## [REQUIRED WORK]
Could you repeat exactly the lines below, from the line containing "1453 Se 29TH Ct, Troutdale, OR 97060" through the last one, both included, while leaving out any pictures?

## [DATA PROVIDED]

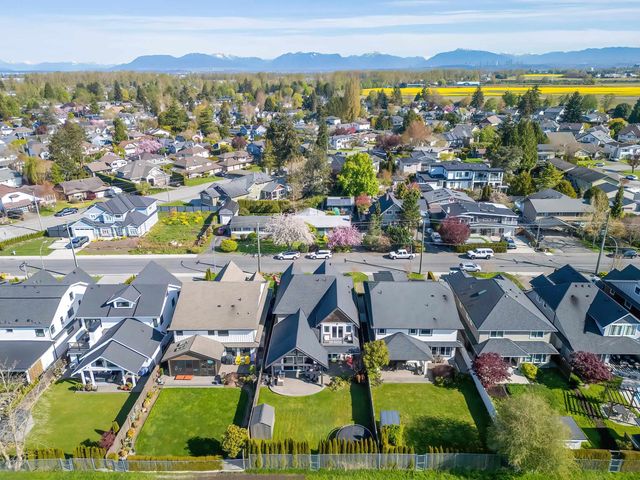 5500 52 Avenue, Ladner
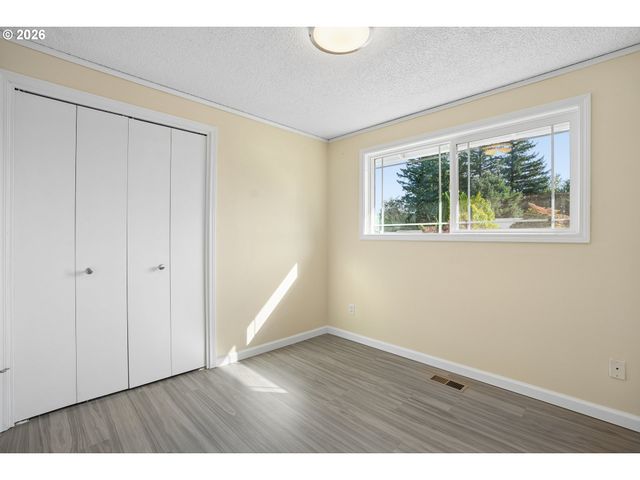 1453 Se 29TH Ct, Troutdale, OR 97060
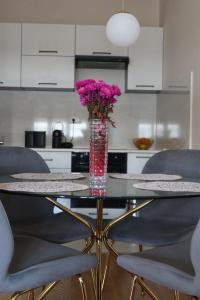 Apartment 82 Central Point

## [SOLUTION TO THE PROBLEM]
 1453 Se 29TH Ct, Troutdale, OR 97060
 Apartment 82 Central Point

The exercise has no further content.